Edinburgh back Ben Atiga has spoken about falling back in love with the sport and the new atmosphere under Alan Solomons.
A one-time All Black at the age of 20, Atiga's potential has arguably gone unfulfilled having once been named World Under-21 Player of the Year.
Atiga spent several years with the Blues in Super Rugby before taking a break from the game due to a combination of injuries and and frustration, a decade on from his All Blacks debut Atiga now finds himself playing in Scotland after time with the Highlanders.
"When I did take a break I was quite drained by the game," Atiga told The Herald.
"My head was in the wrong place. Going into a game, I was thinking about the last minute, and I knew if I was thinking like that then I shouldn't be there. It was not fair on the team.
"I stayed right away from it. I kept away from the boys. I was living off my savings but I got into a marketing business with a couple of mates from school just to get some experience.
Other than that I didn't want to do anything, I just wanted to get right away from rugby. I knew I had to get away and I did really enjoy myself for a while. One thing I did miss was the camaraderie and I came to appreciate just how lucky I am to be doing something I love, something I knew I was good at."

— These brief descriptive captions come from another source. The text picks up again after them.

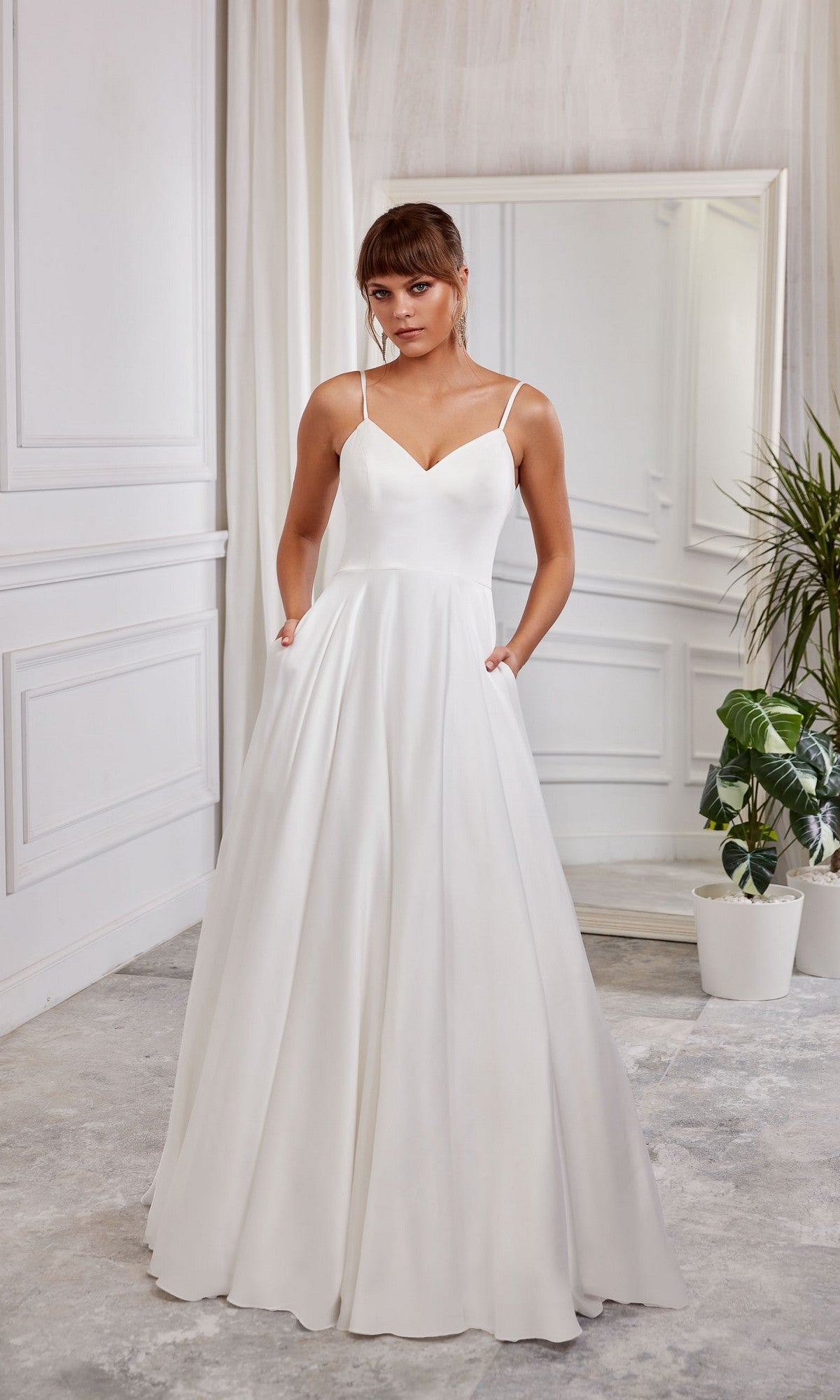 A woman wearing the Long White Dress: Aerie Couture 2000 in Diamond White, with thin straps and an a-line skirt, stands indoors beside a mirror and potted plants.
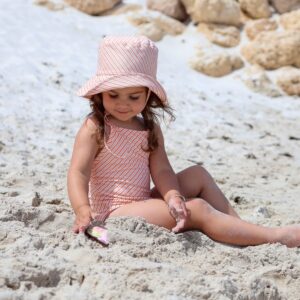 A little girl sitting in the Retro Wave By Ina - Mara One-Piece - Marigold Stripe with a hat on.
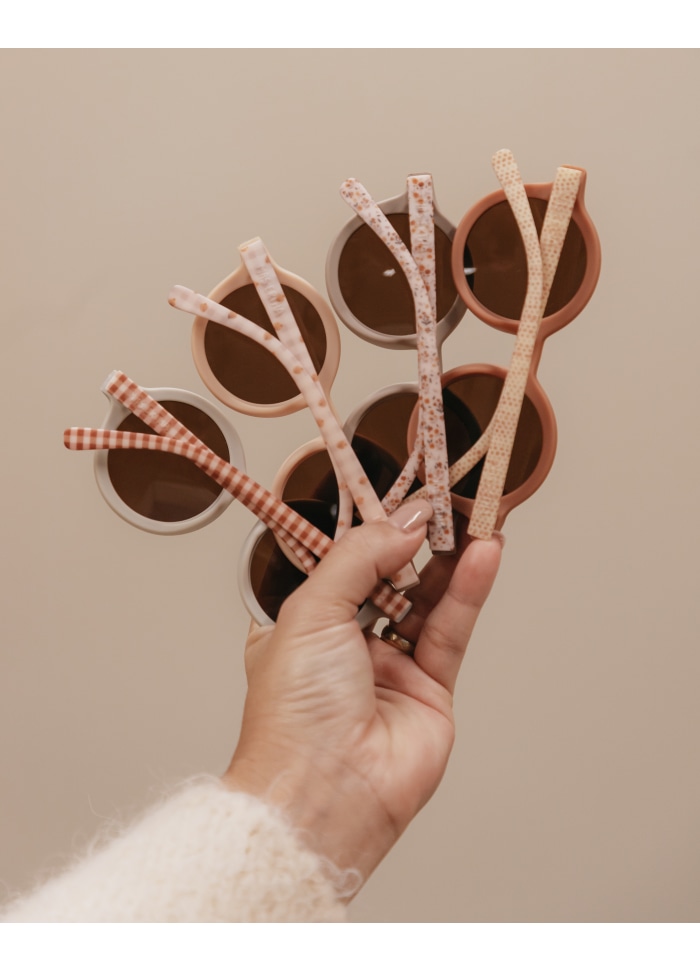 Grampos de cabelo coloridos segurados por uma mão sobre fundo bege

Atiga also revealed that the atmosphere during his first season with the Scottish club was tense and frustrating, with head coach Michael Bradley sacked before the season's end.
"The way the season went we were biting at everything," added Atiga.
"It was not an enjoyable environment to be in. It was really tough and a lot of fingers were being pointed all over the place. It was all about trying to stay tight and get around each other.
"It was hard to go out and encourage guys to go out there and express themselves when we were in a situation like that and where we were trying to break that drought.
"It's probably a bit more relaxed now. [Head coach] Alan Solomons and Omar [Mouneimne, the assistant coach] are quite straightforward. They have the respect of the boys and they definitely keep the guys on their toes, which is probably what we needed this year, but at the same time everyone is encouraged to enjoy themselves.
"You can be a great team off the field and a great bunch of mates close as ever but at the end of the day it's the results that count. That's what the public demand and that's who we are and what we are all about. This business is all about performance and that's what counts.
"But my point is that you need to build a winning culture, a tight culture, because that shows on the field when you need to dig deep. It's a fight to the end now and that's maybe the attitude that we were missing last season."